Bug #3928
closedSometimes CFEngine get stuck because of locks on TokyoCabinet
Added by Nicolas CHARLES about 11 years ago. Updated over 9 years ago.
Description
Sometimes CFEngine get stuck, and doesn't do anything because of deadlock on DB
We currently kill the database, but it's not always easy to detect the problem like that, and it's a bit strict
Neil Watson has a neat implementation of for killing cfengine processes using the locks
Updated by Nicolas PERRON about 11 years ago
- Target version changed from 2.8.0~beta1 to 2.6.9
This is a bug about tokyocabinet, then it should be targeted in Rudder 2.6
Updated by Nicolas PERRON about 11 years ago
- Target version changed from 2.6.9 to 2.6.10
Updated by Vincent MEMBRÉ almost 11 years ago
- Priority changed from 3 to 2
CFEngine related bug is here: https://cfengine.com/dev/issues/3430
Updated by Jonathan CLARKE almost 11 years ago
- Target version changed from 2.6.10 to 2.8.2
A more up to date version of Neil's fix is here: https://github.com/evolvethinking/evolve_cfengine_freelib/blob/master/masterfiles/lib/evolve_freelib.cf#L2076 (supports different paths to lsof on redhat and !redhat).
His code is under GPL3 so can be integrated to Rudder.
Nicolas, I agree TokyoCabinet was present in Rudder 2.6, but this issue seems to be with the way locks are handled in CFEngine 3.5, which was introduced in Rudder 2.8. Since we're not 100% sure about this, I'd rather not introduce a potentially dangerous fix in a stable version, so let's focus on 2.8 for now.
Updated by Nicolas CHARLES almost 11 years ago
I seem to recall that this corruption often happen on RedHat/Centos
The cause could also be bad init script as explained in https://cfengine.com/dev/issues/3686
Updated by Nicolas CHARLES almost 11 years ago
- Status changed from New to Pending technical review
- Assignee set to Jonathan CLARKE
- Pull Request set to https://github.com/Normation/rudder-techniques/pull/268/files
PR is there
https://github.com/Normation/rudder-techniques/pull/268/files
I implemented Neil's method, with some modifications/corrections.
I'm not sure it will solve the pb (I didn't manage to get more than one lock on the systems I tried, even when launching dozens of agent at the same time)
Updated by Jonathan CLARKE almost 11 years ago
Nicolas CHARLES wrote:
I seem to recall that this corruption often happen on RedHat/Centos
The cause could also be bad init script as explained in https://cfengine.com/dev/issues/3686
This seems unlikely, because we don't use the init script provided by CFEngine (it's only in their RPM/deb packages, IIRC), we use one of our own.
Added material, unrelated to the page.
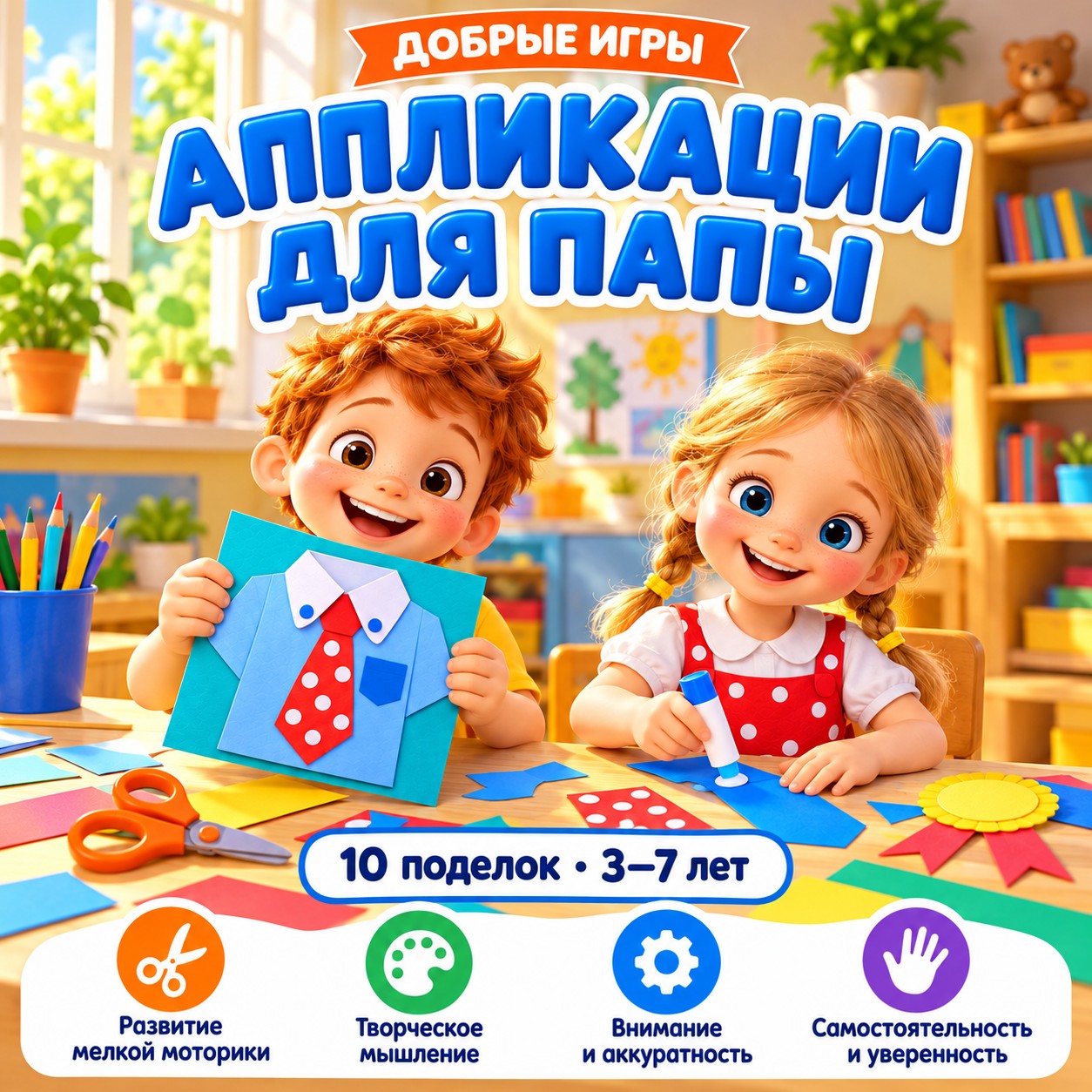 АППЛИКАЦИИ ДЛЯ ПАПЫ — день отца, 4-5 лет, 5-7 лет — скачать для детского сада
But we don't do anything with /var/lock/subsys... Do you think we should?
Updated by Jonathan CLARKE almost 11 years ago
- Status changed from Pending technical review to Discussion
- Assignee changed from Jonathan CLARKE to Nicolas CHARLES
Nicolas CHARLES wrote:
PR is there
https://github.com/Normation/rudder-techniques/pull/268/filesI implemented Neil's method, with some modifications/corrections.
I'm not sure it will solve the pb (I didn't manage to get more than one lock on the systems I tried, even when launching dozens of agent at the same time)
While doing the technical review, I noticed that the "lsof" command isn't available by default on RHEL/CentOS. Unfortunately, I think that this means we cannot adopt the approach in Neil's method.
However, this doesn't mean we can't salvage a lot of his code. I think the "test" just needs to be changed. Maybe we could simply look at the number of cf-* processes running? If I understand correctly, lsof just gets the number of processes that are reading cf_lock.tcdb. And they must be cf-* (or maybe even cf-agent) processes. So why not count them using CFEngine's built in processes: promises?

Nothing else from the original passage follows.